Unfortunately, the design isn't very compelling. A strange flag-like icon and some blocky header graphics don't really draw the user in or convey a polished image. Certainly, once we cross into the area of design aesthetics there is much that is subjective, but I think even newer web users can recognize that the site design leaves much to be desired in terms of professionalism and atmosphere.

Like the Thalls site, the Hutton site provides some useful basic information about the candidate: history and background (including home address and phone number, which is good to see), past accomplishments and service to the community, etc. But the site also lacks any concrete information about the Mayor's policy positions on key issues, or specific vision for what a second term in office might look like. If a voter came to this site hoping to educate themselves in making a decision, they would only have past-oriented information to act upon, a missed opportunity for sure.

The Mayor has a nice Flash-based photo gallery viewer on the site that shows her participation in various community events. Unlike the Thalls slideshow viewer, it doesn't have any captions to describe what's happening in the images.

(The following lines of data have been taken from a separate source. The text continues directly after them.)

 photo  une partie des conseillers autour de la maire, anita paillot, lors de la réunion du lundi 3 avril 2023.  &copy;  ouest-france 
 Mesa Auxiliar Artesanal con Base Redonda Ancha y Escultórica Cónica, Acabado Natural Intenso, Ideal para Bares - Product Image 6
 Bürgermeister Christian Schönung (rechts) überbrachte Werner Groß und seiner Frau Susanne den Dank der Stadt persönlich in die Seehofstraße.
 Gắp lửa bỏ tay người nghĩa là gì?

The Mayor's site does offer a site-wide search feature which is useful to have, although the site isn't quite so big that one can't find what one needs by clicking through it.

Other things I noticed:

  • The site is hosted on the Linux operating system using the Apache web server software platform. The site is hosted via the Lunarpages.com hosting service, which isn't local, but is widely known and cost effective.
  • The site does not have a privacy policy stating how they will use information submitted through the "Volunteer" or "Contribute" forms.
  • The Mayor makes her direct campaign e-mail address available front-and-center on the site's splash page, which increases the sense of her availability.
  • The site's footer says it was last updated on September 29th, 2007. For a political campaign that wants to appear on top of the day's current issues, it's probably not a good idea to imply a month of no changes in the content.
  • The site does not validate to industry-recognized W3C standards, which means it may not be compatible with alternate web browsing platforms like devices for the visually impaired, people using text-only browsers, etc.
  • The site does not offer any Spanish-language translation options for the city's significant Spanish-speaking population

Conclusions

If the election were held today and the sole criteria for voting was the quality and utility of the candidate websites...it would probably be too close to call. Both sites have their positive features, but both lack any substantial future-oriented information that voters can use to education themselves about what a Hutton or Thalls administration will specifically look like.

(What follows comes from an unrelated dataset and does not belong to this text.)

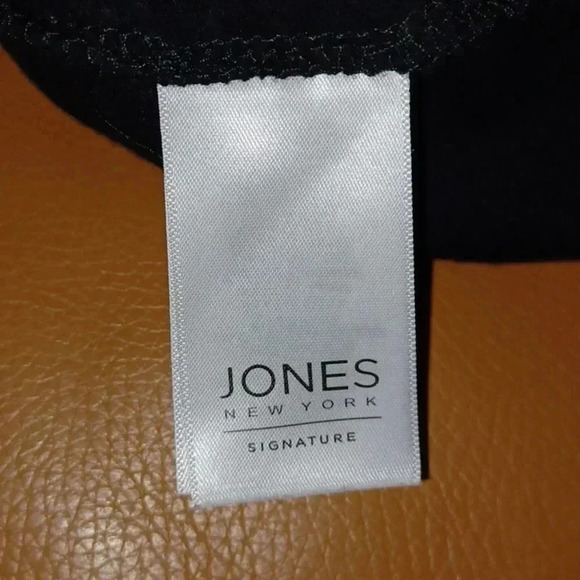  🍭🐾black skort with pockets.  Not new. - Picture 8 of 10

For me, the whole point of having a campaign website is to provide in-depth information that can't be easily shared during a speech, debate, or passing conversation. If someone's already at the site, they already know that you're running for Mayor, and in this race in this town, they probably already know a lot of tidbits about you.

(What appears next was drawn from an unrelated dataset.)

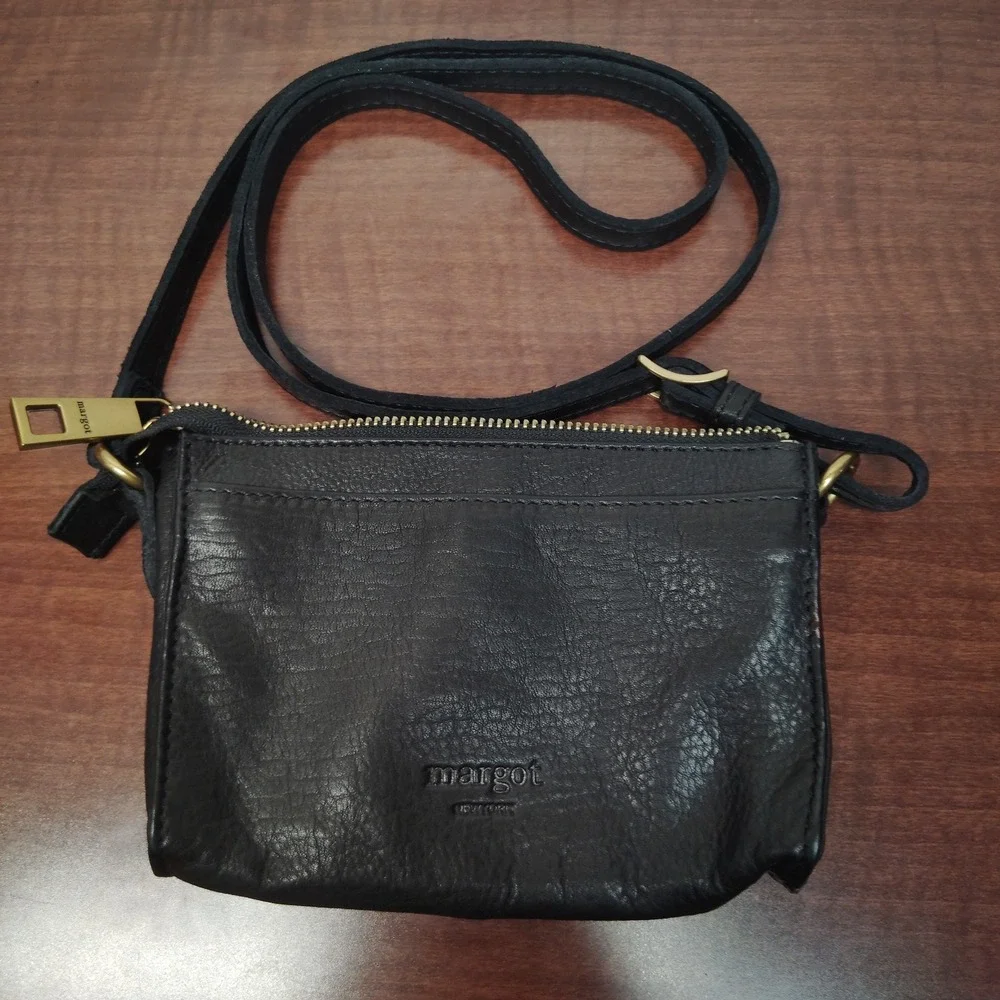 Margot Aiden Wallet On The String Black Leather Crossbody Phone Card Holder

So, each candidate should have had detailed policy documents outlining their budget plans, economic development vision, environmental policy, governing model, staff structure, and more - and then they should have been referring to that information throughout the campaign. "For more information about exactly what I'll do about issue X, you can go to my website..." They've elaborated somewhat in the pseudo-blog hosted by the local paper, but as election day draws near, that too seems to be more of a platform for quick sound bites and less for substantial presentation of information or dialogue.

If I were to be overly cynical about all of this, I could infer that neither the candidates nor the voting population think enough about the substance of ideas to bother with effectively using one of the best mediums available for exchanging that kind of information, the web. But, I suspect that what's really at work is low standards and poor precedents for what kind of political web presence is necessary or desirable in a local election.

With that context in mind, both campaign websites are probably doing exactly what they set out to do, and as well as they set out to do it.